Britain must seek to reduce tension but its first duty is to protect ships and crews
Sat 20 Jul 2019
The boarding and holding of the tanker Grace 1 off Gibraltar, while allegedly carrying Iranian crude oil to Syria, in breach of European Union sanctions regime, was clearly going to provoke a response. Indeed, the Tehran regime clearly articulated the fact that they would do something in retaliation.
Having already carried out a number of attacks on international tankers in and around the strait of Hormuz, a week ago, an attempt was made to take a British-flag registered ship, the BP British Heritage. It was only thwarted by the close presence of HMS Montrose.
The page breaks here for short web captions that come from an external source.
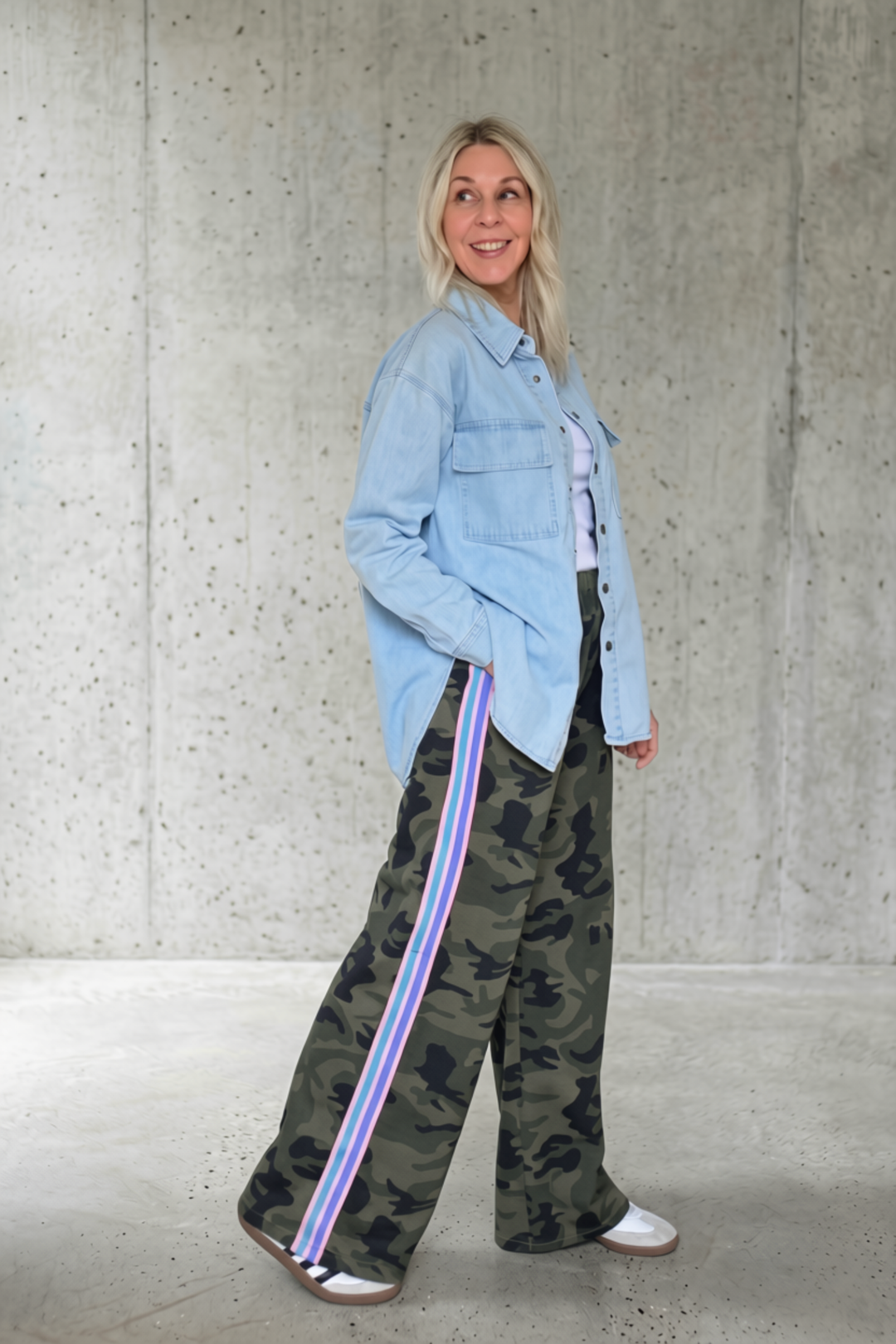 Camo Print Side Stripe Pants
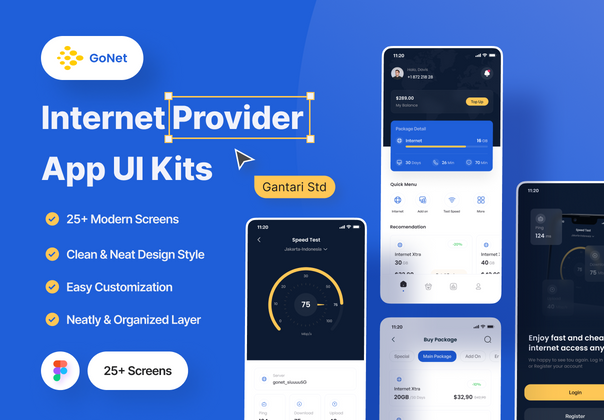 GoNet - 互联网供应商应用程序UI工具包 (GoNet - Internet Provider App UI Kit)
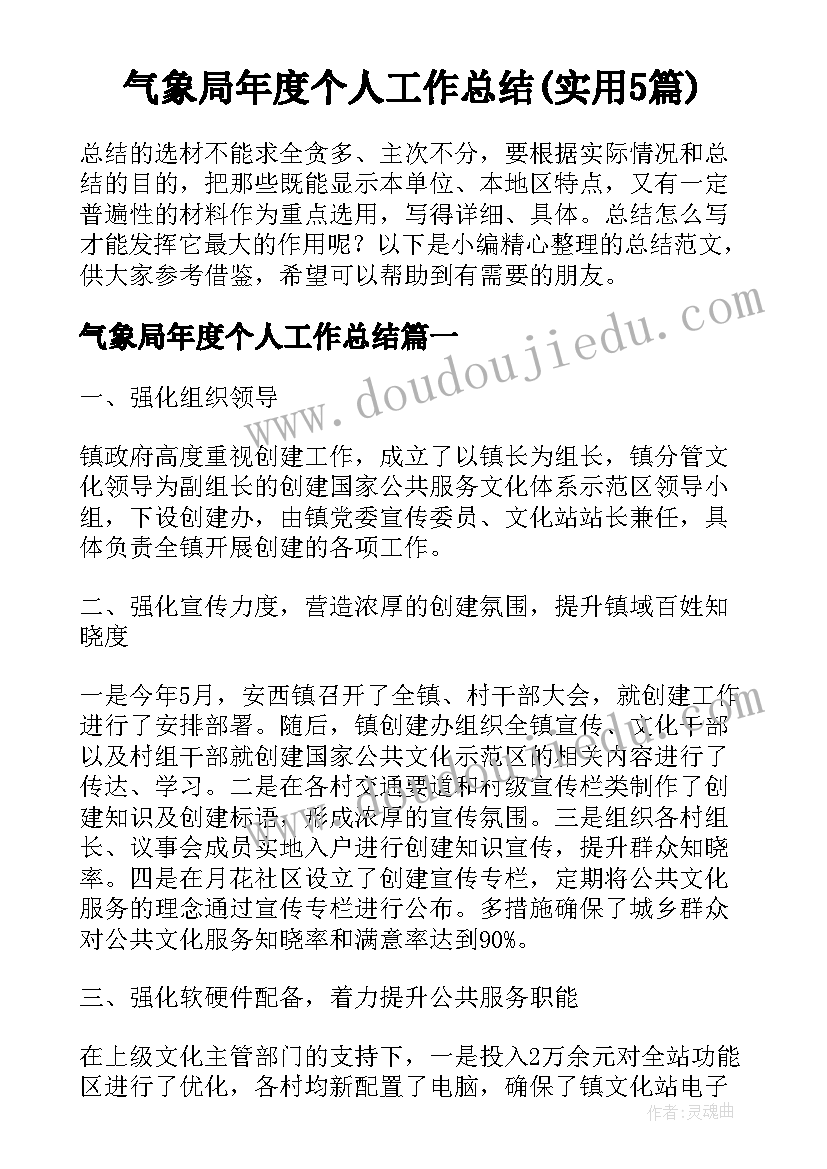 气象局年度个人工作总结(实用5篇)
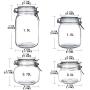 YEBODA Food Storage Canister Set Glass Jars with Clamp Airtight Lids and Silicone Gaskets for Multi-Purpose Kitchen Containers - Clear Square (4 Piece)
The UK issued a warning to British-registered shipping to avoid the area and raised the threat level. But this was not good enough. We should have enacted control of shipping procedures, directing ships to assemble in safe areas and then taken them through in convoy.
Even with only one major warship in the Gulf this could have been done until reinforcements arrived – although the Royal Navy is disgracefully short of ships.
Instead, we seem to have been oblivious to the fact that one of our ships was steaming on to become a hostage to fortune. It now transpires that Iranian forces have taken control of the British-flagged Stena Impero and its 23-strong crew, while the tanker was in Omani waters.
So, where do we go now?
The Grace 1 is held off Gibraltar for another 30 days and I do not believe Jeremy Hunt, the foreign secretary, is legally allowed to release the ship to Iran, even if the Iranians do promise the ship will not go to Syria, whatever that promise would be worth.